The algorithms used allow to give intelligent advice on improving the search query to obtain more relevant results to a narrow number of documents obtained or, conversely, to extend it. But the main task of OntoEnter is to specify in which exact word, the word is used and to formulate the “question” to the search engine, excluding answers from an inappropriate domain and adding semantically similar results [34].

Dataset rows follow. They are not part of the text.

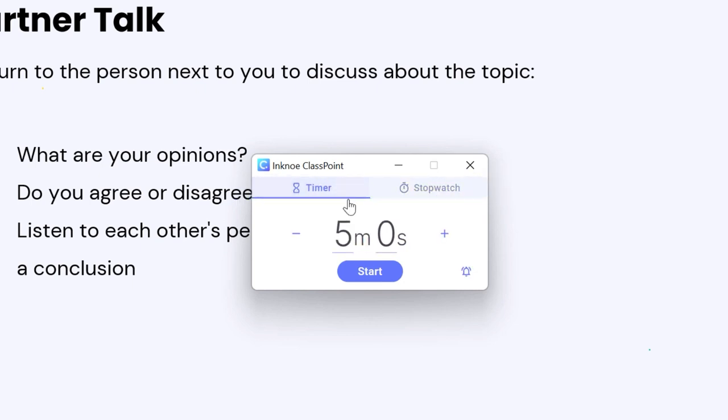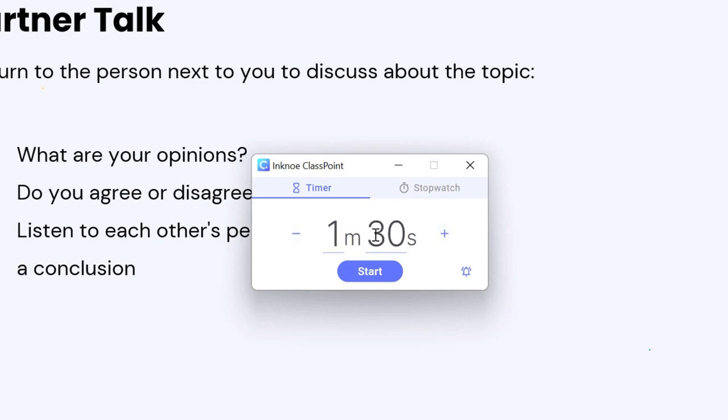To adjust the time, add or subtract 30 seconds or use your keyboard to set your desired amount of time.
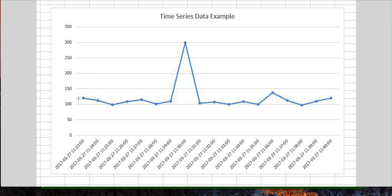For this example, our mission would be to create a rule that is going to fire when the number of firewall allowed passes the number 250.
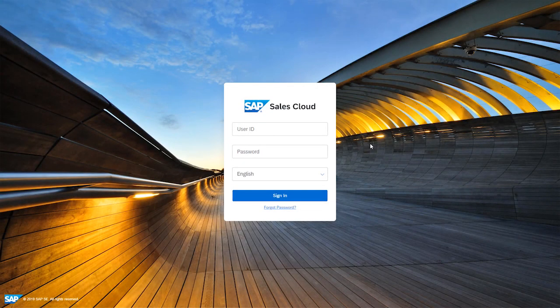So that was the lot for the first video — some basic information to log on to SAP Sales Cloud for new and existing users.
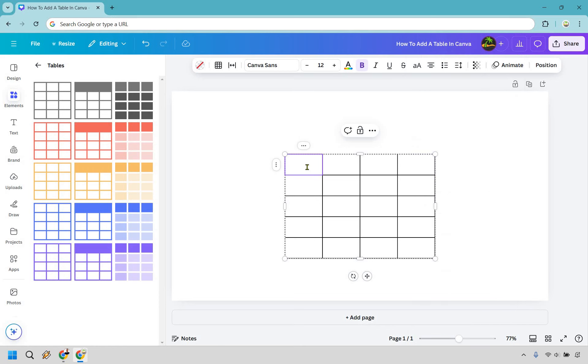If you want to start typing, you can do something like Sunday. Maybe it's going to be some type of calendar, whatever it's going to be. We have Monday, and so on. You're just typing that in to put whatever information you need.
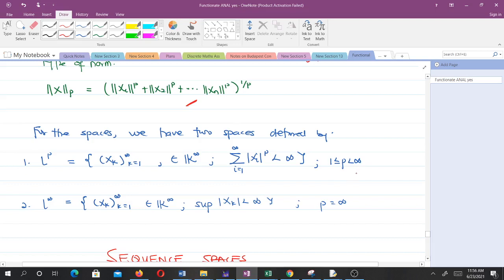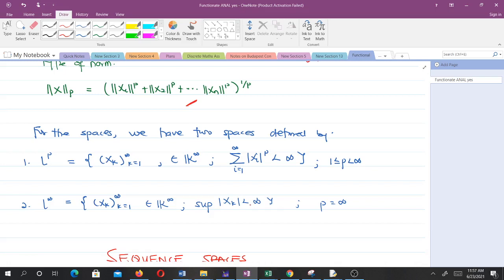For the first space, with 1 ≤ p < ∞, when you sum the p-th powers of all elements in the sequence it should be less than infinity. For the second space, when P is infinity, the condition is that the supremum of the absolute values of the sequence elements should be less than infinity.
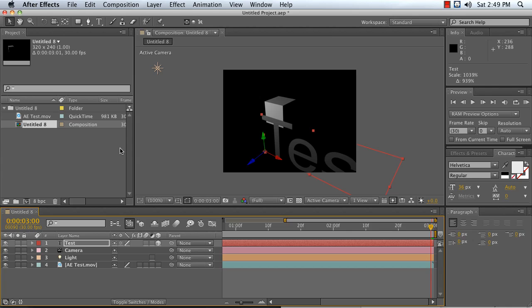So that is the basics of how to install the Cinema 4D to After Effects plugin, and also the very simplest case for usage.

For the distributed retrieval of learning resources, we use profile users, which are used for personalized searches according to user specifications. The methodology was based on incremental user profiling, which assumes mapping of a user’s keywords to the concepts of the domain ontology according to the presented transformation rules. Transformation algorithm was implemented in the research prototype as the combined capability of the query transformation agent and the ontology agent of the intelligent multi-agent information retrieval mediator. The user interface helps user to build a particular profile that contains his interest search areas in the industry repositories domain. In an intelligence profile setting, people are surrounded by intelligent interfaces merged, thus creating a computing-capable environment with intelligent communication and processing available to the user by means of a simple, natural, and effortless human-system interaction. The objective of profile intelligence has focused on creating of user profiles: Plan Managers, Assistants, Operators, and Engineers. If the information space is well designed, then this option is easy, and the user achieves optimal information through the use of natural intelligence, that is, the options are easy to understand so users know what they will see if they click in a link, and what they negate by not following other links, Figure 6.

Figure 6.

User profiles, graphical user interface.

The profile agent is an environment, in which software agents can be executed to retrieve E-learning resources and which is wrapped by a Web service. This configuration contains the user requirements that typically described the relative needs, tasks, and goals of the user for an individual search. Profile agents help students with the search, according to the specifications they made. Search parameters in a profile, the initiation of a search, or access to the list of retrieved learning objects can be controlled by invoking appropriate search operations that extract learning resource metadata. Ideally, profile agents learn from their experiments, communicate and cooperate with other agents, around in DL. A profile agent uses a registry to locate learning searches. The agent compares the metadata and the search keywords for possible matches and presents the search results to the user. For this, a statistical analysis has been done to determine the importance values and establishing specified user requirements.

Advertisement

5. Experimental evaluation

In order to validate the approach, we have developed intelligent control platform in an electrical power system. This system integrates management knowledge into network resource specifications. We study an example of alarm detection and intelligent resolution of incidents related to a private network. We have used a telecommunications network belonging to a company in the electricity sector Sevillana-Endesa (SE), a Spanish electricity company. OntoEnter is used to optimize the operation of hundreds of connected sensors currently installed. Many of these sensors are wireless because they can be installed more quickly and at less cost than their wired equivalents, often with no required downtime. These low-cost wireless sensors and accompanying analytics can dramatically improve plant performance, increase safety, and pay for themselves within months. The Spanish electricity grid has a wireless network in the regional high voltage grid. Part of the long distance traffic in this network is controlled by a wireless intelligent system distributed through this private network. The use of knowledge integration in agents can help the system administrator to use the maximum capabilities of the intelligent network management platform without having to use another specification language to customize the application [35].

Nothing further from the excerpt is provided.